_TASK DESCRIPTION:_ Range to reproduce from the entries below: the line with "Halftone concentric swirl", the line with "Stylum Women's Rust", and every line in between. Give them exactly and give nothing else.

══ RECORDS PROVIDED

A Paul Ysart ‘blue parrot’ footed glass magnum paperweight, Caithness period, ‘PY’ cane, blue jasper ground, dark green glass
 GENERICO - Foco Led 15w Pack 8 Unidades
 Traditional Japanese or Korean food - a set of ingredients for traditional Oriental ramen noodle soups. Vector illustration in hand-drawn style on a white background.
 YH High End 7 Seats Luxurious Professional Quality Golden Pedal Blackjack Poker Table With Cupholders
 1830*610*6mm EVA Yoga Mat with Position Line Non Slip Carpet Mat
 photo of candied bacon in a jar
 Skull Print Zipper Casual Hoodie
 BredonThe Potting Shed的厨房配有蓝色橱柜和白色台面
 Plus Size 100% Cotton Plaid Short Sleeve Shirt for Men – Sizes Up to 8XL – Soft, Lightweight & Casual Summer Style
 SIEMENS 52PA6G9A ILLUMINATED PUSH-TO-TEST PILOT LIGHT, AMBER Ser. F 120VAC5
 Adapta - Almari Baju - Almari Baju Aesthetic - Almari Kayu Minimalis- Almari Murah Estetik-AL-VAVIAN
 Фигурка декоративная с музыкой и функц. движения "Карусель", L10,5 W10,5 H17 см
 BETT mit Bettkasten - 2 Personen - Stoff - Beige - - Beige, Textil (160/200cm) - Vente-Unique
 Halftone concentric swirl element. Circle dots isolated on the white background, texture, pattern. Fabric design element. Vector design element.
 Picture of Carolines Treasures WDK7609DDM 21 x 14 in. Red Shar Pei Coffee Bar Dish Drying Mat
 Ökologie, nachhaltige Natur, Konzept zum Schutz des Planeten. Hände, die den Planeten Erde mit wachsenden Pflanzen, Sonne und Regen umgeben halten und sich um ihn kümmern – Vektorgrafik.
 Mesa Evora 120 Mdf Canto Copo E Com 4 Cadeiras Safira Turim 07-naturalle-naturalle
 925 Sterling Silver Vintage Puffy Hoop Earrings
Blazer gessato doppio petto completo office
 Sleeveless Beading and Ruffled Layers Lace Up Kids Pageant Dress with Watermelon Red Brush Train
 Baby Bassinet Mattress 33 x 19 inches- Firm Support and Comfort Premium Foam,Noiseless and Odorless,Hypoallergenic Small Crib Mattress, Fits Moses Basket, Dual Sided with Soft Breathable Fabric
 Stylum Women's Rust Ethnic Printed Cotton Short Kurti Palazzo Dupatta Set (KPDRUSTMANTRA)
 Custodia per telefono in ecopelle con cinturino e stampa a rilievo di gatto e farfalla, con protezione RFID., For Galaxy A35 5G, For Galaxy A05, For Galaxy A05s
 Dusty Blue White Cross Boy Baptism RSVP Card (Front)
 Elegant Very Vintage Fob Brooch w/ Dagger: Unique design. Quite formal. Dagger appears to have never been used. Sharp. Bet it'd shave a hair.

════

_THE ANSWER:_
 Halftone concentric swirl element. Circle dots isolated on the white background, texture, pattern. Fabric design element. Vector design element.
 Picture of Carolines Treasures WDK7609DDM 21 x 14 in. Red Shar Pei Coffee Bar Dish Drying Mat
 Ökologie, nachhaltige Natur, Konzept zum Schutz des Planeten. Hände, die den Planeten Erde mit wachsenden Pflanzen, Sonne und Regen umgeben halten und sich um ihn kümmern – Vektorgrafik.
 Mesa Evora 120 Mdf Canto Copo E Com 4 Cadeiras Safira Turim 07-naturalle-naturalle
 925 Sterling Silver Vintage Puffy Hoop Earrings
Blazer gessato doppio petto completo office
 Sleeveless Beading and Ruffled Layers Lace Up Kids Pageant Dress with Watermelon Red Brush Train
 Baby Bassinet Mattress 33 x 19 inches- Firm Support and Comfort Premium Foam,Noiseless and Odorless,Hypoallergenic Small Crib Mattress, Fits Moses Basket, Dual Sided with Soft Breathable Fabric
 Stylum Women's Rust Ethnic Printed Cotton Short Kurti Palazzo Dupatta Set (KPDRUSTMANTRA)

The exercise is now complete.